Reid stood at the head of the table in a fresh Chase uniform. It should have felt grounding, familiar. Instead, it felt like armor.

Across the room, Killian paced slow, controlled lines. Ian sat near the monitors, posture iron-straight, one hand resting against his jaw, watching the security footage loop.

A slow-motion replay showed the infiltrator collapsing inside Claire’s hospital suite. Tuck’s work. “One to the sternum. One to the throat,” Tuck’s voice echoed from an earlier recording. “He was ready to kill her.”

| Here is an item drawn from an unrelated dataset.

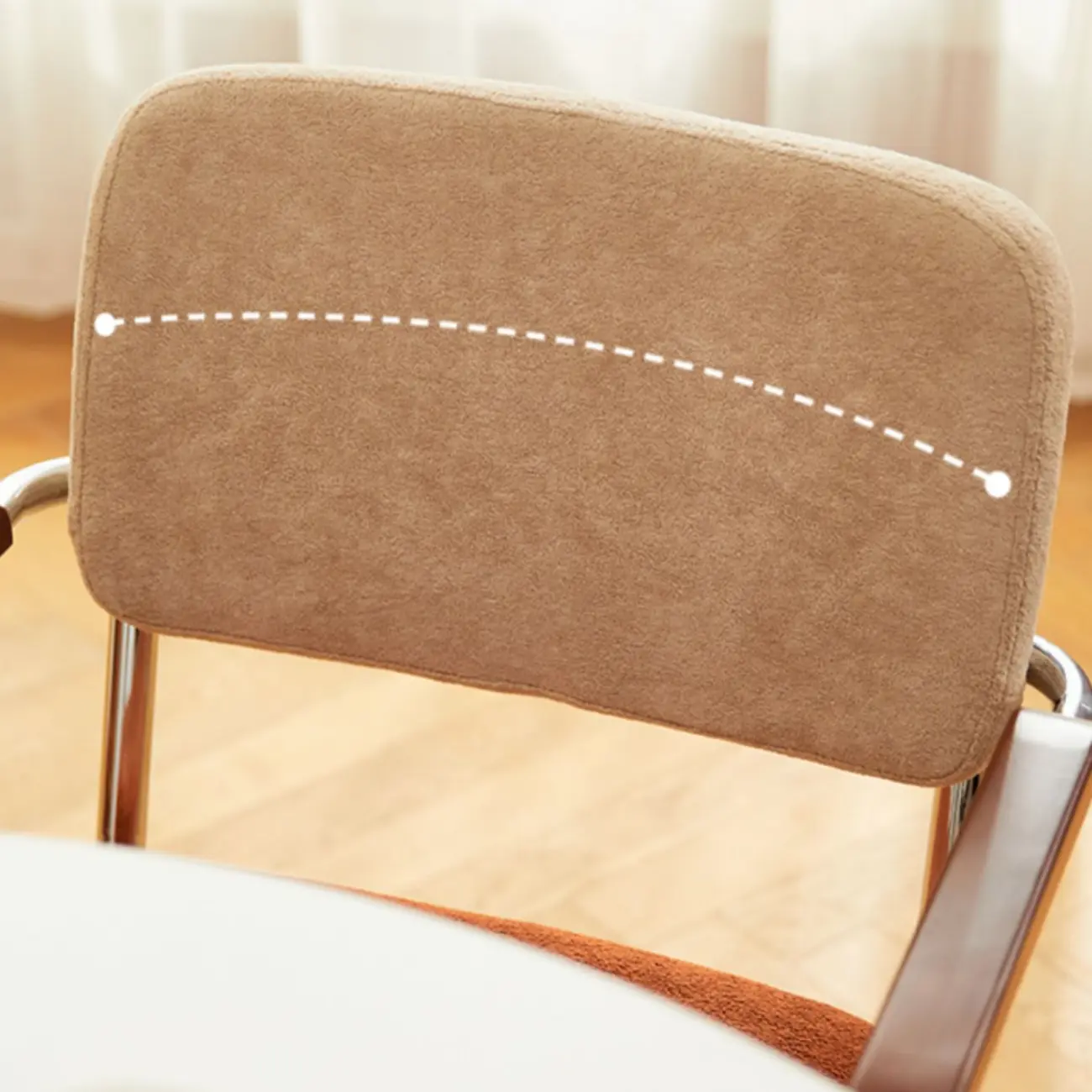 Modern Fabric Metal Frame Adjustable Office Chair Image - 9 | homeyfad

Reid’s jaw tensed. “That wasn’t the sniper.” His voice was quiet.

Killian stopped pacing.

“Different signature,” Reid added. “Different angle. Different method. The shooter on the campus was fast and distant. This guy came to finish what the sniper couldn’t.” He took a breath. “We’ve got at least two.

Ian’s gaze didn’t shift from the screen as he rewound. He watched the shooter’s body jerk backward as the bullets hit. “Three.”

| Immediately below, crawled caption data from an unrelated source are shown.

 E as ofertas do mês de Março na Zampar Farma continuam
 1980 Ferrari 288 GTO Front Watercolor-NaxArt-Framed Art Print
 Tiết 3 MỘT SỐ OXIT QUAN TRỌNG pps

Reid glanced at him. “The bomb.”

Ian nodded once. “Three operators. One for distance. One for insertion. One for chaos. Maybe more. But this was timed, measured, and coordinated.” He leaned forward. “We were lucky. But if I can’t control my house…” He looked at Killian.“Call Martin. I want security upgraded at all Chase facilities and for my family and Kieran’s.”

The door opened behind them. Fuse and Relay entered without ceremony, both carrying tension in their spines.

“We’ve confirmed,” Fuse dropped a drive on the table, “the man Tuck shot entered through the tunnel dressed as a trauma orderly. Badge was cloned off a janitor who hadn’t been in the building since Tuesday. Facial match came up blank. A level-three team was sent to the janitor’s home. They found him dead.” She looked up. “Whoever he is, he’s not in our system.”

Relay stepped beside her. “He didn’t do it alone. Someone inside rerouted the badge verification at 0512 hours. Bounced the signal through a shell server in MedOps.”

“Show me,” Reid said.

Relay spun the screen. A flow map of Chase’s internal security protocols bloomed in pulsing blue. A red pulse blinked at the point of reroute. “That’s the hook,” Relay said. “Executive stack access. That’s not maintenance level. That’s clearance tier two or above.”

Killian frowned, asking Martin to hold. “Which means?”

Fuse looked him in the eye. “Someone high up gave this guy access to the patient roster, the hallway shifts, and Claire’s room code.” Her tone sharpened. “No way in hell he makes it past Sublevel 3 without a handoff.”

The thought that someone within Chase had sold Claire out again churned hot and poisonous in Reid’s chest.

Ian finally turned from the screen. “Start pulling keycards. Every access log from the past seventy-two hours. Double-check anyone who’s already been cleared. If you find overlap with Claire’s route from OR to recovery, you flag it.” He stood. His expression held no softness. “Whoever helped put a man with a gun at her bedside didn’t make a mistake. They made a choice.”